Depending on your plant’s technology infrastructure and digital maturity levels, predictive maintenance alerts could look like:
- Simple emails to notify team members about issues
- Text alerts that reach technicians on the floor as soon as a variance is detected
- Dashboard updates that give teams a unified view of asset health across lines and locations
- Automatic feeding of sensor data to AI models to predict failure and optimize maintenance timing
Advantages of predictive maintenance for advanced manufacturing
For operations and maintenance teams, gaining early real-time visibility into equipment health and performance changes how work is done. Repairs can be planned instead of rushed. Parts can be ordered without panic or rush shipping. Production can keep moving while maintenance is scheduled during times that will have the least impact.
This shift to predictive maintenance has a compounding effect on plant operations:
- Equipment failures become predictable and preventable instead of sudden and costly
- Repair costs are lower since teams work on their own timeline rather than responding to a crisis
- Machines run reliably and last longer because wear is addressed before it compounds
- Maintenance labor moves to where it’s needed most
- Energy efficiency improves when machines operate within designed parameters
- Asset utilization rates rise, maximizing throughput and ROI
Advantages of predictive maintenance for OEMs and integrators
The same connected data that helps plant operators prevent downtime helps OEMs (original equipment manufacturers) and systems integrators design, build and support smarter, more resilient equipment.
By incorporating remote monitoring into offerings, OEMs and integrators can position themselves as long-term operational partners.

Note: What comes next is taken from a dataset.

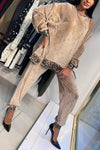 Women's Casual Round-neck Shiny Suede Two-piece Suit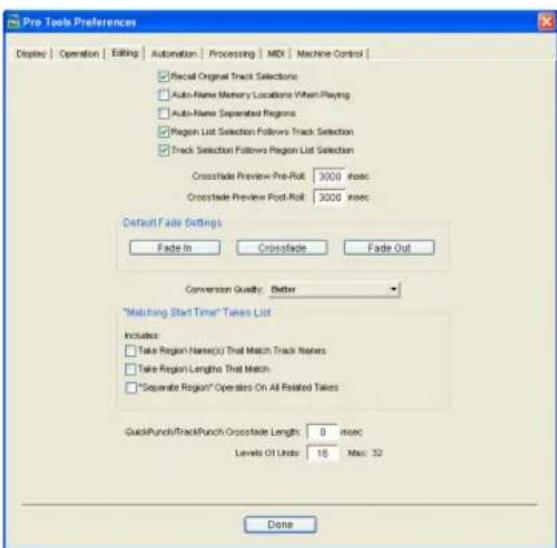 Avid Pro Tools 6.7 - Ficha Editing de Preferences - 1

They become the team that installed your equipment … and keeps it running.
Predictive insights can also help OEMs make their own products better. When they can observe performance across dozens of customer sites, OEMs gain visibility into how their machines hold up in real operating conditions: which components wear the fastest, where failures originate and possible design changes that would address problems.
Unlocking the power of connected data for predictive asset maintenance
Capturing and transmitting equipment and performance data is the only way to stay ahead of equipment failure and protect uptime.
For example, by adding low-cost sensors to existing conveyors, robots and automated guided vehicles (AGVs), manufacturers can capture real-time data on indicators like vibration, temperature and battery health. When this sensor data is combined with programmable logic controller (PLC) information, such as machine status and error codes, maintenance teams gain a complete and connected view of asset health. With these insights, they can flag early signs of trouble long before a breakdown happens.
Belden’s complete connection solutions help plants take advantage of intelligent monitoring to unlock new possibilities like predictive asset maintenance.
Our solutions enable you to:
- Capture, move and centralize real-time data from new and legacy machines
- Integrate sensors and hardware to track equipment conditions
- Unify data so it can be analyzed and acted upon
With the right solutions in place, advanced manufacturing environments can break the cycle of unpredictability and get ahead of disruptions by making hidden issues visible and actionable.